▶ **The data**
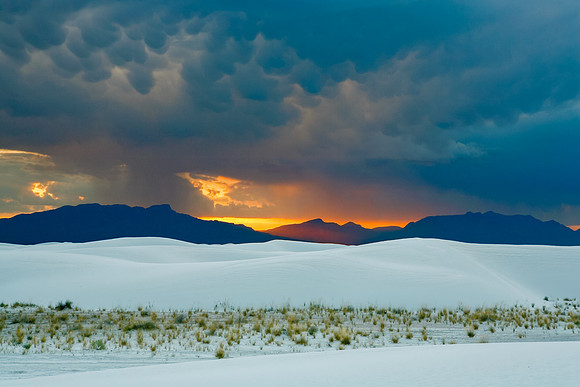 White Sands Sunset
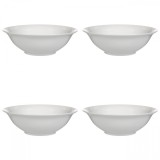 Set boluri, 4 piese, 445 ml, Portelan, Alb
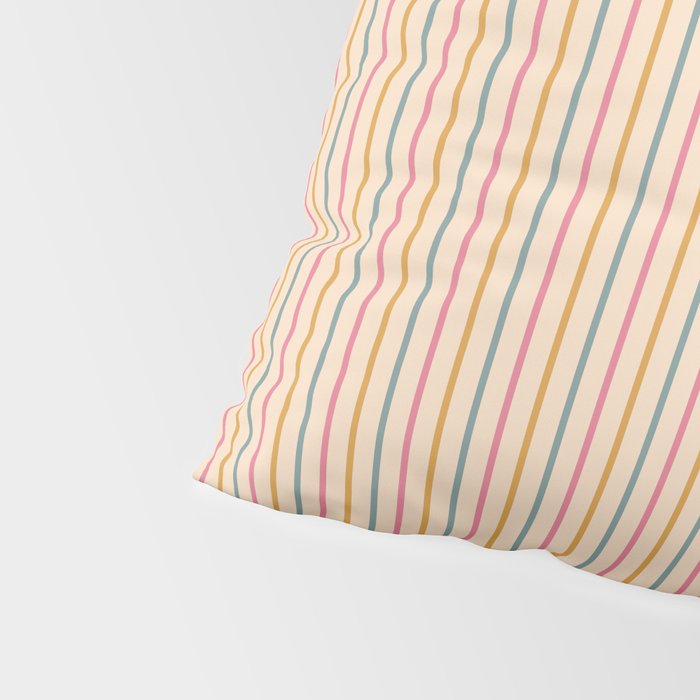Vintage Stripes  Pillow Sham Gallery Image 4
==
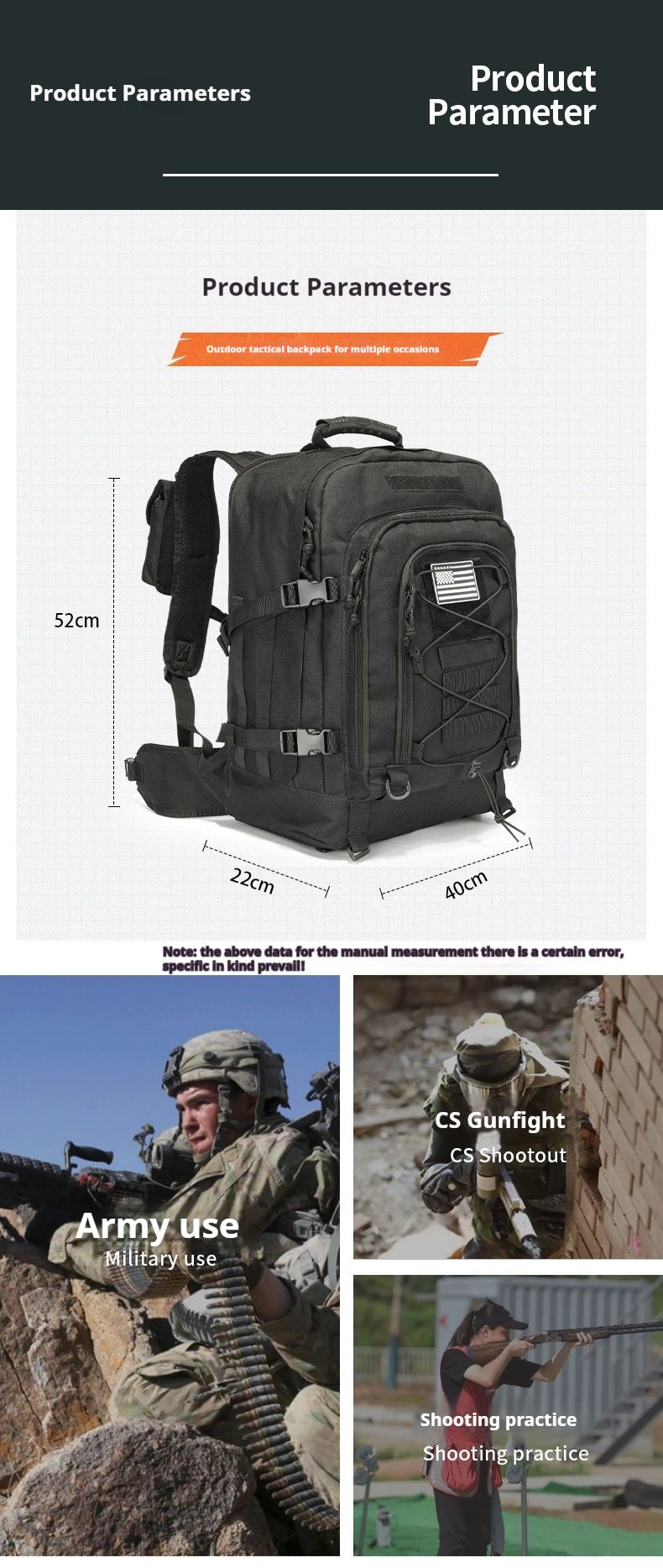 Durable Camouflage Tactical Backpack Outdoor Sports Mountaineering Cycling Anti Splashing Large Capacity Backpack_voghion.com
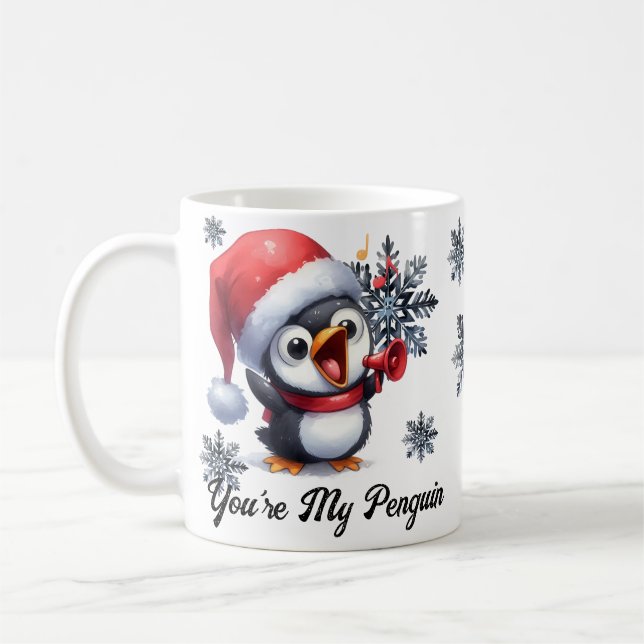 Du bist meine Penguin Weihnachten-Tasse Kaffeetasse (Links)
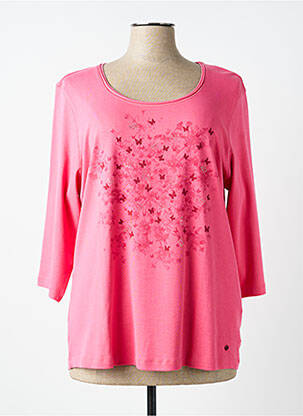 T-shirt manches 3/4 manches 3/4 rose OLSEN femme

▶ **What is expected**
Copy word for word the lines of the records above from the one with "Du bist meine" up to and including the one with "T-shirt manches 3/4". Skip the pictures.

▶ **Solution to this problem**
 Du bist meine Penguin Weihnachten-Tasse Kaffeetasse (Links)
 T-shirt manches 3/4 manches 3/4 rose OLSEN femme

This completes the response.